What do you need to know before you Patent?
- Your mobile app idea must be qualified for patenting. While it is possible to patent a mobile application, your app idea will be disqualified if it does not meet certain criteria. Your app must be a novel invention developed to provide a solution to a particular problem or problem. It must be non-obvious and be viewed as an unexpected development even to someone very skilled in your field. Finally, it must be useful.
- You cannot patent an idea. Not in the literary sense of it, you cannot. In the same way, you cannot patent your code, mathematical formulas, the law of nature, and any other things that can do with the human body alone.
Steps to Patenting your App Idea
1. Do a thorough Research
You are patenting your app to prevent copycats from cloning it. So, you need to offer others the same courtesy in order to avoid dealing with a lawsuit in the future. Do a patent search for apps that are similar to your mobile app idea in function and study them.

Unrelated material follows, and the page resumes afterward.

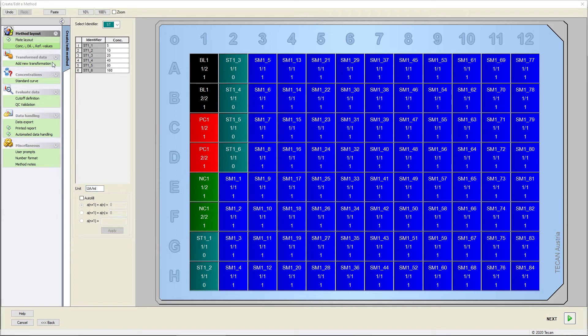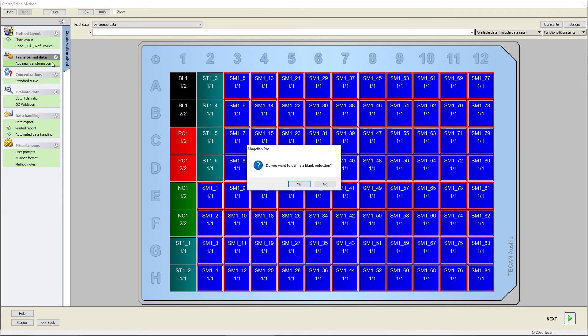In the Transformation wizard, you can define formulas for data transformation. Magellan will automatically ask if you want to perform a blank reduction in case a blank is defined on the plate layout.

This has been made easier by the United States Patent and Trademark Office (USPTO). You can find all patented mobile apps on their website. If you find an already patented app very similar to yours, then some modifications to your app are required.
2. Get a Software Patent Attorney
While patent might seem like something every average Joe can do, you need an experienced attorney. The legal help you have will boost your confidence in getting your app idea accepted by the USPTO. This means you need an attorney who has extensive knowledge and experience of all patent-related matters.
3. File a Provisional Patent Application (PPA)
You can file a provisional patent application for apps that are still in development. Since the USPTO on patent law favors a developer who files first and not first to invent, you can be putting the finishing touches on your app idea, continuing your research, or even be testing your app idea functionality after you have filed a PPA. Filing a PPA is cheap and costs $65-$260 at the USPTO. PPA is valid for a year.
4. File a Non-provisional Patent Application
Unlike a Provisional Patent Application, a non-provisional application requires making a claim. Specification, claims, and drawings are the essential parts of a non-provisional patent application.
- The specification must be elaborate but clear. This is where you will convince the examiner that your app is unique and different from other apps in the market. It comprises the title, background, summary, and description.
- The claim is the most important part of a non-provisional patent application. This is where you state the part of your app idea you are patenting.
- Use drawings and figures to represent a visual representation of the app.
5. Submit your software application to the United States Patent and Trademark Office
You can send your patent application to the USPTO through electronic means or traditional mail. Remember to thoroughly check important areas of your application before filing.
While the process of patenting the app might be tedious and long, it is much better than getting your idea stolen by copycats. Do not be daunted by the process and look only at the benefit of holding your patent right for 20 years.